Sunrise Heat vs Sand yellow
Where Sunrise Heat belongs to Cloverdale Paint's range, Sand yellow is a RAL Classic color. Sunrise Heat reads as beige, while Sand yellow reads as beige-yellow — two distinct hue families, not close cousins. Sand yellow (LRV 45) reflects noticeably more light than Sunrise Heat (LRV 40), a difference of 5 points that becomes especially apparent in rooms with limited natural light. The ΔE 4.9 gap is real but not dramatic — close enough to use together, distinct enough to matter as a choice. Below you'll find 1 real-room photo comparison where both colors appear side by side, plus 5 simulated room previews.
Sunrise Heat vs Sand yellow in Real Spaces
1 real room side by side. Sunrise Heat and Sand yellow are close enough that the difference can be hard to judge from a chip alone — these photos show how each reads at scale, across different spaces and lighting conditions.
Living Room
In a living room, color works across both daylight and evening light — the same wall can read very differently at noon and at 8pm. The brightness difference is modest but present — Sand yellow gives the walls a little more lift.
Color Details
Sunrise Heat vs Sand yellow Simulated Comparison
5 simulated room previews — drag the slider on each to see Sunrise Heat on one side and Sand yellow on the other.

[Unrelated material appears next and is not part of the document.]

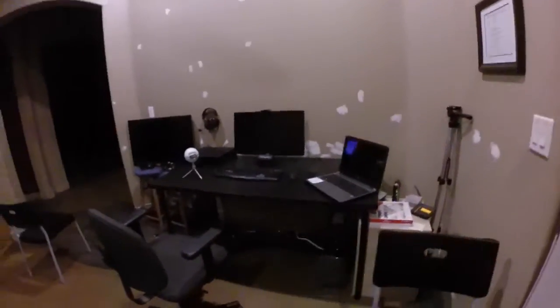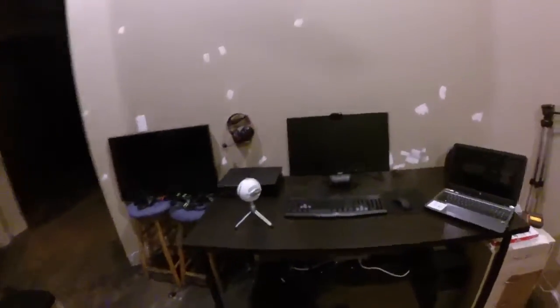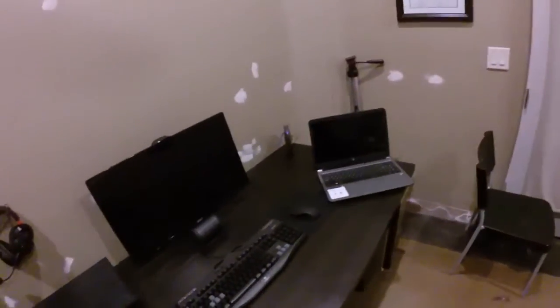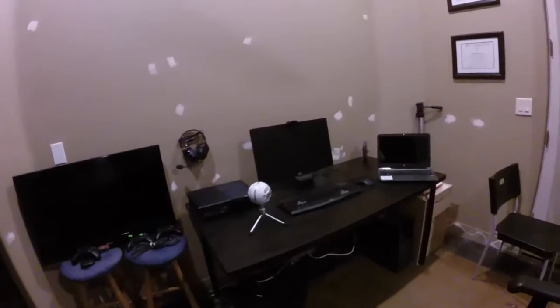I'm going to show you it with the lights off, but right now this is it. I'm still going to get a new chair, like a DX Racer or something like that. We've got the Xbox One, my microphone, a laptop over there, the monitor PC. I still got wires down there everywhere — I'm going to fix that up. So let's check it out when it's in the dark.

Digital color is approximate. These simulations are generated from the manufacturer's hex values and overlaid on grayscale room photos — your screen's calibration, brightness, and viewing angle all affect how they render. Before committing to either color, test physical samples in your own space under the light you actually live with.
More Sunrise Heat comparisons
See how Sunrise Heat stacks up against other well-photographed colors across different brands and tones.